Ooh, Aah, Cinema

WITH a varied and exciting programme that includes as many as 50 new feature films - including one featuring promising newcomer…

WITH a varied and exciting programme that includes as many as 50 new feature films - including one featuring promising newcomer Eric Cantona - the 8th French Film Festival opens at the Savoy cinema, Dublin next Thursday with the new Patrice Leconte film, Ridicule, which opened Cannes in May. Set in the court of Louis XVI, this sumptuous production follows the serpentine route a concerned landowner (Charles Berling) has to take when he seeks permission to drain the fever-infested waters on his estate.

A cutting satire on hypocritical mores and absurd customs, Ridicule is jaggedly funny, splendidly played by a fine cast and dazzlingly photographed.

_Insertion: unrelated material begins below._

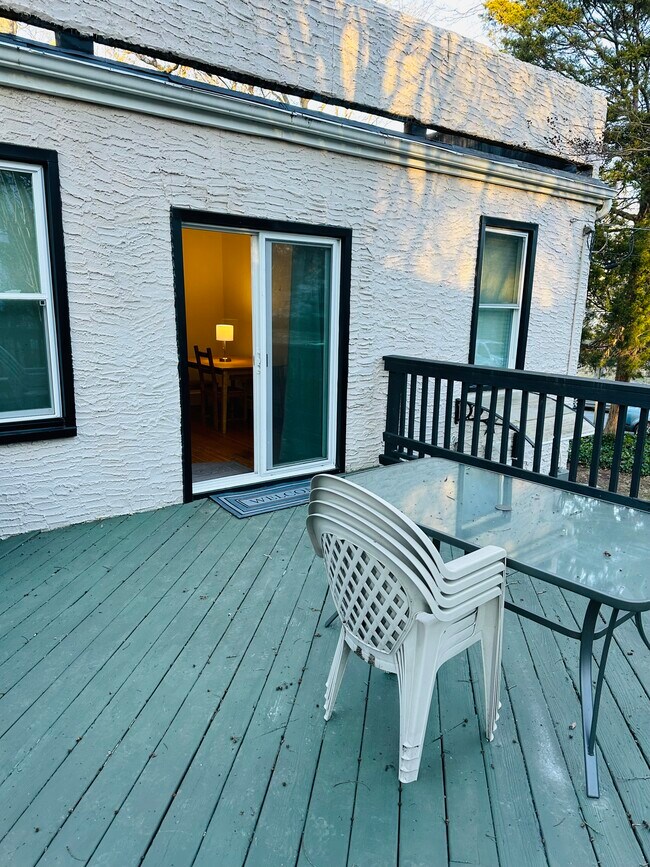 Deck2 - 4207 Queensbury Rd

The 15-day festival closes in the Savoy on October 31st with another of this year's Cannes highlights, Jacques Audiard's clever, caustic and immensely entertaining Un Heros Tres Discret (A Self-Made Made Hero) which features Mathieu Kassovitz, director of Ia Haine, in a wonderfully deadpan performance as an importer who becomes a hero in a war in which he has not fought.

The leading French director, Claude Sautet, whose recent work includes Un Coeur En Hiver and Nelly Et M. Arnaud, will be a special guest of the festival, and six of his films will be shown, including both those recent films along with Les Choses De La Vie (remade in the US as Intersection), and Vincent, Francois, Paul Et Les Autres, featuring a remarkably slim Gerard Depardieu as a young boxer. The festival will also present an 18-film salute to the veteran French film-maker, Eric Rohmer.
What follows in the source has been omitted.